**WHAT TO DO:**
Make an exact copy, from the records below, of the lines from the line containing "Breathable Gym Sports" to the line containing "Red Car Wrapped", both lines included, excluding pictures.

**RECORDS FOR THIS EXERCISE:**
______________________________

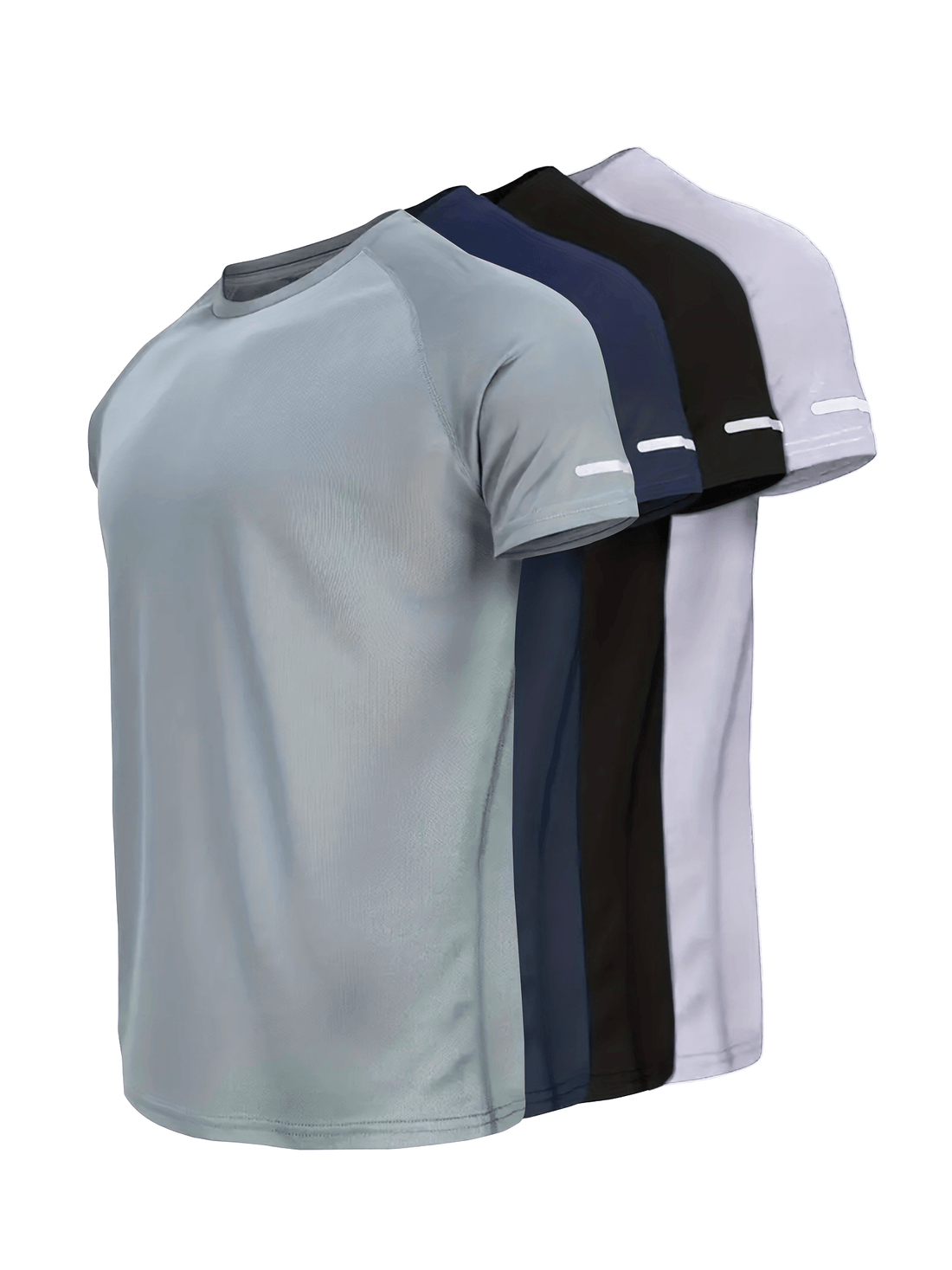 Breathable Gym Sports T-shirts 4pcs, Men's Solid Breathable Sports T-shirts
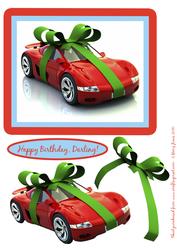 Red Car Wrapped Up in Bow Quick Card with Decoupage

______________________________

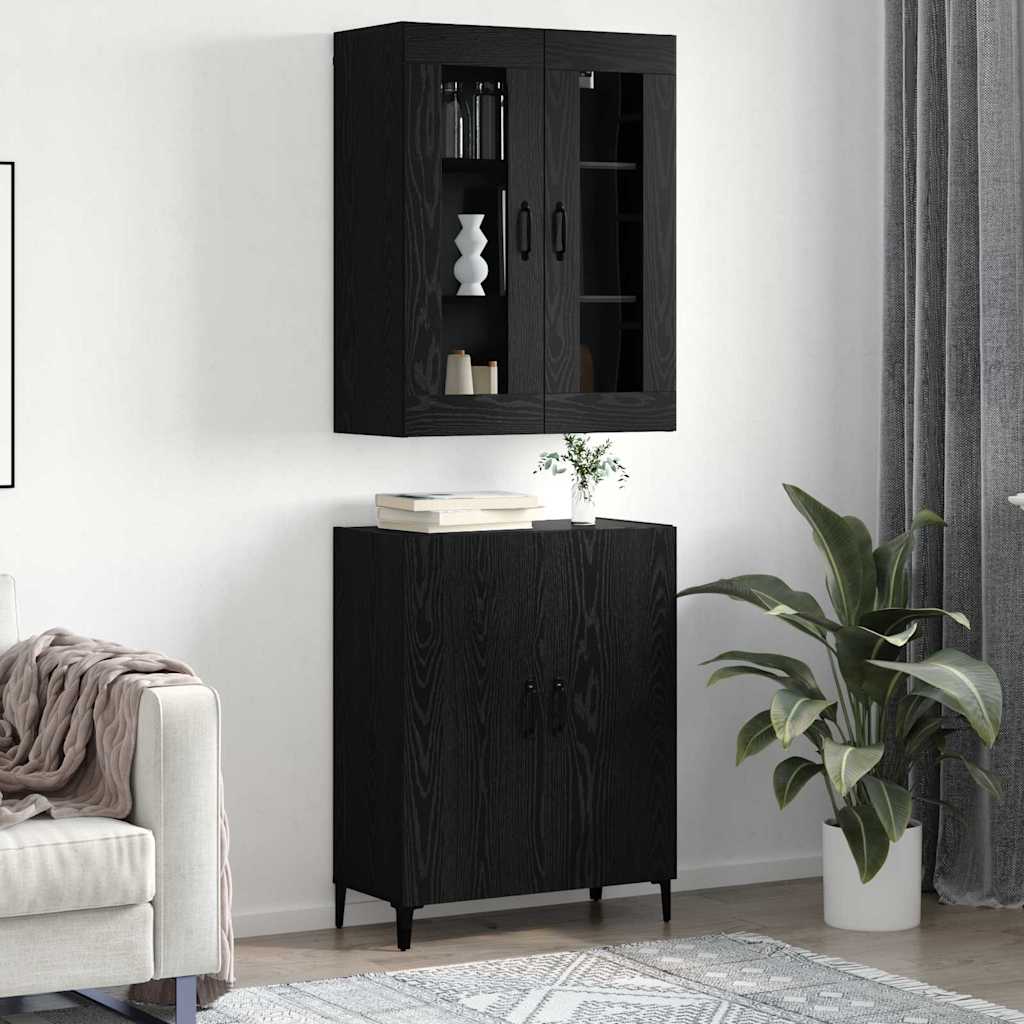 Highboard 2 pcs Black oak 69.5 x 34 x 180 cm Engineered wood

______________________________

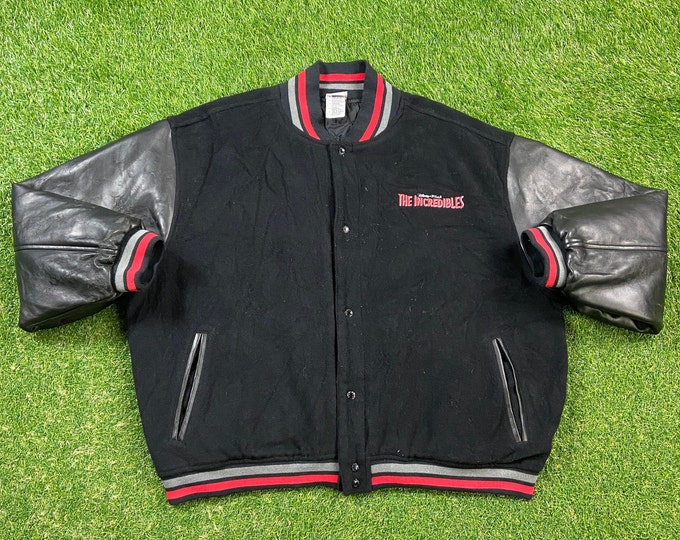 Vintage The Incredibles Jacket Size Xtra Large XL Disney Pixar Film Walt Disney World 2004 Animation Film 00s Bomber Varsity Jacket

______________________________

**SOLUTION:**
 Breathable Gym Sports T-shirts 4pcs, Men's Solid Breathable Sports T-shirts
 Red Car Wrapped Up in Bow Quick Card with Decoupage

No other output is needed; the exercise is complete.